Of course I was tired by then and got home so late all I wanted to do was charge the phone. The next morning, I couldn’t get it to turn on. Back to the store. A different young man with those flying hands of the tech-savvy young immediately turned it on. There was no such thing as “On and Off” in the inadequate brochure that came with the phone. It was “Power/Lock.” And even if I had known that was the on and off place, there were no instructions that said to press and hold.
The web site I was referred to is also confusing. I really ought to write a letter to Verizon and say, “You need to hire me to write an instructional brochure. This makes no sense at all.” In fact, I think many companies now assume an advanced level of expertise in the consumer and disregard the need for clear guidance for initiates.
I tried to work with my Android last night, waving my hand over it like one of the witches stirring the cauldron in Macbeth, in order to explore all sorts of mysterious and powerful functions I don’t really need. I have decided that if you were in solitary confinement in a prison, an Android would be a great thing to have. It would consume the hours until you suddenly discovered that your sentence was over.

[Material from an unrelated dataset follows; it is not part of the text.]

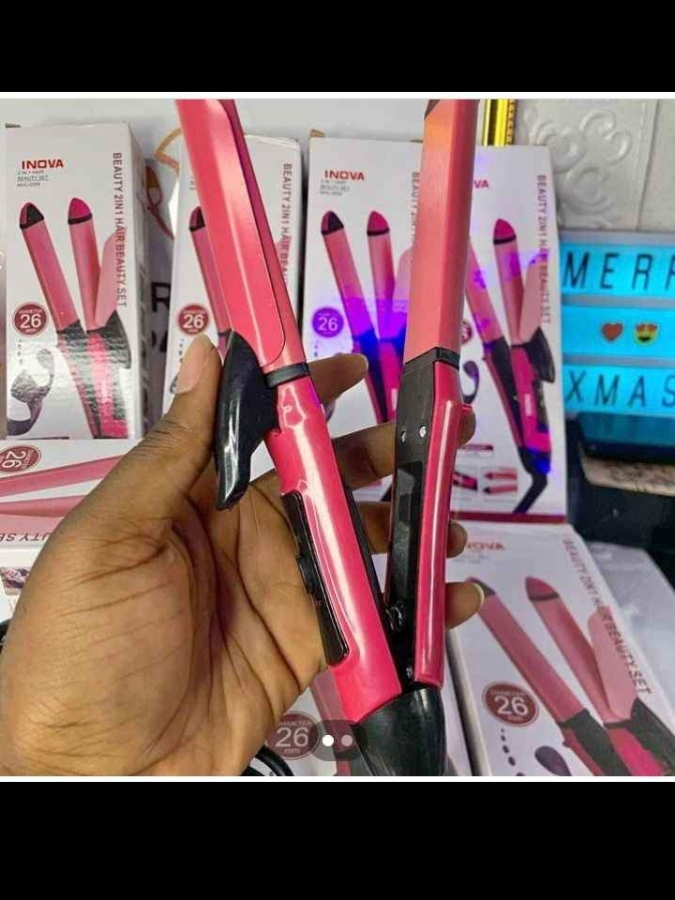 Quality Hair Stretcher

That takes me back to the flow of life in high school. We had a phone at home that we used to make arrangements. Nobody did a lot of recreational chatting. During the week I suited up for tennis at the end of the school day and practiced for a couple of hours. After that, home to dinner, hit the books, and study until late at night.
Today I am very familiar with the Internet and work at the computer much of the day. I am also up on Facebook and am learning how to Twitter to promote my work. Although it is fun and interesting, keeping up with the social media is demanding. When I think back on my high school days, I can’t imagine having had time for any of that, and yet it seems as though today’s young people are deeply invested in it.
When I was at the Verizon store, a girl of about eight or nine came in to check out the power-packed phone she would come back for the next day. I wonder how much families spend on keeping their children connected. It’s not called keeping up with the Joneses anymore. It’s keeping up with the Joneses’ children.
So the question is whether all these fancy advances are really enhancing our quality of life and making us more secure or whether they are making us ever more dependent and vulnerable. They are certainly addictive for some, eating up time that could be more fruitfully invested elsewhere.
Of course I’m not the first one to notice this, and maybe my perspective will change. Perhaps when I’m incarcerated by old age, I’ll be happy for the magical, lit square in the palm of my hand. Until then, though, I’m setting boundaries. It’s not taking over my life.